L’importance de la connotation sexuelle

« Dans l’affaire de Théo L., pour qualifier l’acte de viol, c’est bien la connotation sexuelle qui pose question », selon l’universitaire. Le fait qu’une matraque puisse être utilisée dans un anus plutôt que dans un sexe exclut-il la qualification de viol ? « A priori, aucune forme d’acte de pénétration sexuelle n’est exclue du champ d’application du texte », démontre Laurence Leturmy. L’utilisation d’une matraque n’exclut donc pas automatiquement la suspicion de viol.

Mais la jurisprudence a montré par le passé des interprétations différentes dans la qualification de viol :

« Si les juges estiment que la connotation sexuelle est caractérisée, la qualification de viol s’impose ; dans le cas contraire, et au regard de la dernière jurisprudence, la qualification de viol est douteuse. »

En 1995, la Cour de cassation avait considéré comme viol le fait qu’une jeune femme ait sodomisé un homme avec un manche de pioche recouvert d’un préservatif, en insistant sur la présence du préservatif recouvrant le bâton « en ce qu’elle permet d’affirmer que l’acte présentait une connotation sexuelle indéniable », détaille Laurence Leturmy.

Mais deux ans plus tôt, en 1993, la qualification de viol n’a pas été retenue par la Cour de cassation quand la victime d’une autre affaire, un jeune garçon, s’était vue introduire un bâton dans son anus. Les auteurs des faits sont déclarés coupables de torture et d’actes de barbarie, mais « l’idée était qu’en lui-même, le bâton n’avait pas de connotation sexuelle et avait été introduit dans un organe qui n’est pas sexuel », explique la professeure de droit.

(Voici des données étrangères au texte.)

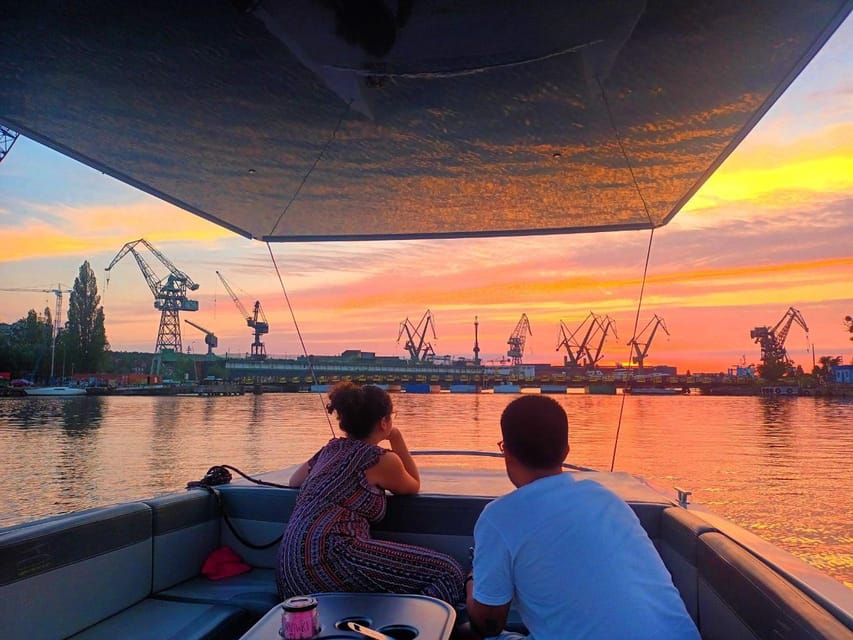 Gdańsk: Motława River Eco Cruise at Sunset with Prosecco - Key points to know before booking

La décision appartient donc au juge d’instruction, consulté dans l’affaire d’Aulnay-sous-Bois par le parquet de Bobigny après l’ouverture d’une information judiciaire, le 6 février. En annonçant la suspension des policiers après leur mise en examen, le ministre de l’intérieur, Bruno Le Roux, a déclaré souhaiter « voir la justice établir très clairement et sans aucune ambiguïté les conditions dans lesquelles l’interpellation a eu lieu, en établissant ainsi les responsabilités de chacun ». Une démarche qui, au vu de la complexité de l’affaire, pourrait encore prendre plusieurs mois.